Of course, grocery retailers can also make predictions by deploying predictive analytics throughout the organization. This practice mines data for information to predict trends and patterns of shopper behavior.
But the use of predictive analytics in grocery is modest to moderate at best. Some grocers make several mistakes when starting.
When researching this topic, experts told me dozens of mistakes that grocers should avoid. Some of them came up over and over. Here are the typical mistakes that should be avoided:
Not Developing an Adoption Plan: Grocers must identify the parts of the business to be addressed, list the steps to be taken, and define the value to be gained.
Not Getting Approval from Senior Management: To develop an analytic culture, the top executives must buy into the program from the beginning. Getting commitment to support its use throughout the organizations can make the difference between success and failure.
Not Having Required Resources In-House: Sophisticated analytical work calls for certain skill sets. Predictive analytics is not the core business of grocers. Bring in the experts for consultation or hire experienced people.
Not Giving It Enough Time: Developing predictive analytics and integrating it throughout the organization takes time. Don’t be impatient and expect results too soon. It takes time to mine the data and develop actionable insights that make a difference.
Not Using Insights Correctly: Grocers need to be wary of broad insights that don’t apply to a grocer’s shoppers, or launching initiatives that would not be supported by most of them. A national trend doesn’t always manifest itself locally.

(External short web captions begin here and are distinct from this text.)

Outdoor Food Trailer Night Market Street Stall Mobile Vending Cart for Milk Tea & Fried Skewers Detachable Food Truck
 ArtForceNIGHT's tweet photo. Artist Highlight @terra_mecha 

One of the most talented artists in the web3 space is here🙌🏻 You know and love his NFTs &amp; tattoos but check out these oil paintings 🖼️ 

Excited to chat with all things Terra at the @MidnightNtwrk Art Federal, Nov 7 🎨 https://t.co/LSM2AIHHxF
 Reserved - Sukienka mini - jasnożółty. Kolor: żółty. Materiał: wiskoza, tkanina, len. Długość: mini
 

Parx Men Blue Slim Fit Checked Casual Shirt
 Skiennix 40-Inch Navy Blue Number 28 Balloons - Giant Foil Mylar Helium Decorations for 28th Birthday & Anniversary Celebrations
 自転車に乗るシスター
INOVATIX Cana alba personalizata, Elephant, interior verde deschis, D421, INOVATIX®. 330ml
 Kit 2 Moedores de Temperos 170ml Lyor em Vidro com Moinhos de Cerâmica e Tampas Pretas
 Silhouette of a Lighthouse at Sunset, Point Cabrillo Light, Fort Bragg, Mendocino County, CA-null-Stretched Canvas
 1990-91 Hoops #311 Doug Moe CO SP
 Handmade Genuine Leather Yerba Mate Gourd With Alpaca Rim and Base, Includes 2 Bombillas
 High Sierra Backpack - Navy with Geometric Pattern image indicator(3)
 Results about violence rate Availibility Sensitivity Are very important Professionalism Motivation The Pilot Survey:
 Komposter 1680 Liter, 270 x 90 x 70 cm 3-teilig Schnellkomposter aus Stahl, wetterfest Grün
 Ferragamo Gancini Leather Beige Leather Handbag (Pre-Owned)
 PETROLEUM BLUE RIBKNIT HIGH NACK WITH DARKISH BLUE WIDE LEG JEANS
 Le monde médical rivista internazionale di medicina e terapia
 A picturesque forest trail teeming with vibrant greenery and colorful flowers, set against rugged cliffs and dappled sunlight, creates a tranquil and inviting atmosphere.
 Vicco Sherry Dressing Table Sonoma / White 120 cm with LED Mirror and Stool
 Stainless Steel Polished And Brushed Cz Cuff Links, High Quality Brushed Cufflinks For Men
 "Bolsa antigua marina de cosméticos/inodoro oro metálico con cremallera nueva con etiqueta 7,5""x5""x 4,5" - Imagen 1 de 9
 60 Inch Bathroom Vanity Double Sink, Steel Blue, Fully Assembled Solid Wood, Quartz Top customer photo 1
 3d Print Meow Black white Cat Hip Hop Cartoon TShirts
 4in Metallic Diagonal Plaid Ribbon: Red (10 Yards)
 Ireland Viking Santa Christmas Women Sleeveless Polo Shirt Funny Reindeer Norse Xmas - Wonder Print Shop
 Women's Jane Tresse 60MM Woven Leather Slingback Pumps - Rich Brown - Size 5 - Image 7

Now that we know what not to do, here’s a description of predictive analytics from Sanjay Kupae, senior product manager from Manthan, an analytics consultancy:
“Successful analytic deployments are owned by marketers or merchandisers, articulated in business terms, and treated as a core capability of their every-day functions, and embedded within their processes as systems. Analytics roll-outs are layered in a manner that campaign managers and category planners interpret data through friendly and engaging dashboards that surface the underlying algorithms, while the analysts and data scientists are able create, modify and fine-tune models without encumbering business users.”